Passwords Are Passé: The Brave New World of Passkeys
Remember when passwords were simple? Maybe your dog’s name, or your birthday? Your phone number? Unfortunately, those days are gone. Hackers have become incredibly clever, and simple passwords won’t protect your accounts anymore. But wait! There’s a new, easier, and much safer way to log in and it’s called a passkey.
The Problem with Passwords
We’ve all been there: forgetting a password, struggling to create a “strong” one with random letters and symbols, or worrying about a data breach where our passwords might be stolen. The truth is, passwords have several weaknesses:
Even “strong” passwords can be vulnerable to sophisticated hacking techniques.
Many of us (most of us) use the same password for multiple websites, meaning if one site is compromised, all our accounts are at risk.
Phishing scams and counterfeit websites can fool us into giving away our passwords.
Passkeys: A Simpler and Safer Way to Log In
Imagine logging into your favorite website or app simply by using your fingerprint, face scan, or PIN on your phone or computer. That’s the magic of passkeys.
How Do Passkeys Work?
Instead of a password you type in, a passkey creates a unique digital “key” for each website or app. This key is stored securely on your device (like your phone or computer) and is tied to that specific website.
When you create an account or enable passkeys the website generates two keys: a public key and a private key. The public key stays with the website. The private key stays on your device, protected by your fingerprint, PIN, or face ID. When you log in, your device verifies your identity (fingerprint, PIN, face scan, etc.) and uses the private key to prove to the website that you’re you. No password to type, and no chance of someone stealing it.
Passkeys are more secure because:
- You don’t have to create or remember complex passwords.
- Since there’s no password to type, phishing scams become much less effective.
- Each passkey is unique, so even if one website is compromised, your other accounts are safe.
- Passkeys use advanced encryption, making them much harder to crack and much stronger than traditional passwords.
- Passkeys are stored locally on your device (computer, phone, tablet) meaning they are not being stored on a company’s server where they could be stolen in a data breach.
- Most passkey systems offer cloud syncing, so if you get a new phone or computer, your passkey can safely transfer over.
How to Use Passkeys
Many popular websites and apps are starting to offer passkey support. Look for options like “passkeys,” “security keys,” or “biometric login” in your account settings.
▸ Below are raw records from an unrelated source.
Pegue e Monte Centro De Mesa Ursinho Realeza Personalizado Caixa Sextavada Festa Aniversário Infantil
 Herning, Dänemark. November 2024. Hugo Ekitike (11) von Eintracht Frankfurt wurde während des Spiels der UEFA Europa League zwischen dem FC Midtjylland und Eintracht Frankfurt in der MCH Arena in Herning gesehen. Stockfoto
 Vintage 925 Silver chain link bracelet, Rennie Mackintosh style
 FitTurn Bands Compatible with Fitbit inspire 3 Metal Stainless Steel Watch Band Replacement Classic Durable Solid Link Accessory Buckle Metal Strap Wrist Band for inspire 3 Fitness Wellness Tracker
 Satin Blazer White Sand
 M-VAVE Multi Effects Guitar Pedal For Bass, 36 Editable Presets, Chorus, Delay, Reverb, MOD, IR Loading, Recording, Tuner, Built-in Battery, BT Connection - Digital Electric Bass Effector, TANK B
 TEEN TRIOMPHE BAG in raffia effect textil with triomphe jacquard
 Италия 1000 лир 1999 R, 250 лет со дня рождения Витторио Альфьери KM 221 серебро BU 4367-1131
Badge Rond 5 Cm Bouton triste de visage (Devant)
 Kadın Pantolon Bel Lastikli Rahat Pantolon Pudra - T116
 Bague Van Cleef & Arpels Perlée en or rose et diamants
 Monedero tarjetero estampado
Follow the website’s instructions to create a passkey. This usually involves verifying your identity with your device’s fingerprint, face scan, or PIN.
The next time you log in, you’ll be prompted to use your passkey. Simply verify your identity, and you’re in!
Will Passkeys Completely Replace Passwords?
While passkeys are a significant step forward, they will take time to replace passwords completely.
Some people are reluctant to try new technology and not all websites and apps currently support passkeys.
As more and more companies embrace passkeys, and as people realize how secure and easy to use they are, it is very likely that passwords will become less and less common and passkeys will become the primary way to log into online accounts in the future.
Passkeys offer a simpler, safer, and more convenient way to log in. They eliminate the hassle and risks of passwords and provide much stronger protection against hackers.
So, next time you see the option to use a passkey, give it a try. You might just find you never want to type another password again!
I am very nearly 95 years old with some serious health problems. If I use say a finger print for a passkey how will my executors access my bank accounts when I finally fall off the perch ?
Fingerprint scans are only one option. You can use PIN instead and tell your loved one what your PIN is.
Tired of people deciding things for us without our input…
A royal pain in the “you know what.”
It sounds like a great and safer way to log in. I have already done so on a few of my accounts. It’s much easier than having a password, and even though I have powerful passwords, I feel safer using the passkey. I hope that other apps follow suit soon. Thanks for the great info.
Not very clear. Presumably the device means the same device that you are using to open the Web site for example a PC . How do you create a fingerprint, face scan, or PIN on your PC.?
If you use a PIN isn’t that the same thing as a password so where is the extra protection ?
It means whatever device you’re using. If you log into a website on your phone or computer you will have to confirm that device is yours by using your fingerprint, PIN or face scan. Each device has its own passkey for a site. But your PIN, fingerprint or face scans does not change. It confirms it’s you trying to access the site. You only use on of the 3 verification methods per device. For example, my computer does not have a fingerprint scanner but my smartphone does. If I log into my banking site on my computer I use my PIN to confirm it’s really me and on my phone I use my fingerprint to confirm it’s me. The passkey created on each device does not change.
You create the PIN or fingerprint (etc.) by device for a each site when you set up your passkey. It’s not like a password. When you go to site A on your PC and they allow a Passkey you set it up while on your PC with a PIN, fingerprint or face scan. If you visit that site on your phone you set up a Passkey on your phone . You only have to it once for each site you want to use a passkey for.